Auch dazu, ob die Ungleichbehandlung von Teilzeit- und Vollzeitmitarbeitern infolge des einheitlichen Schwellenwerts für Überstundenzuschläge durch sachliche Gründe gerechtfertigt werden kann, hatte der EuGH zuvor deutliche Hinweise gegeben. Das Ziel, den Arbeitgeber zum Schutz der Freizeit der Arbeitnehmer durch Zuschläge davon abzuhalten, Überstunden anzuordnen, rechtfertige es nicht, solche Zuschläge erst bei Überschreiten der regelmäßigen Vollzeitarbeitszeit vorzusehen.
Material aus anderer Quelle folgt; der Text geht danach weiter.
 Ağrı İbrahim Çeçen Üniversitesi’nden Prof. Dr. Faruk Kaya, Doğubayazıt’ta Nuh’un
Denn dies führe im Gegenteil eher dazu, dass Überstunden vermehrt von Teilzeitmitarbeitern eingefordert werden könnten. Dieser Position schloss sich das BAG in den beiden am 05.12.2024 entschiedenen Fällen an und entschied, dass den Klägerinnen die von ihnen begehrten Zeitgutschriften in das Arbeitszeitkonto erteilt werden müssen.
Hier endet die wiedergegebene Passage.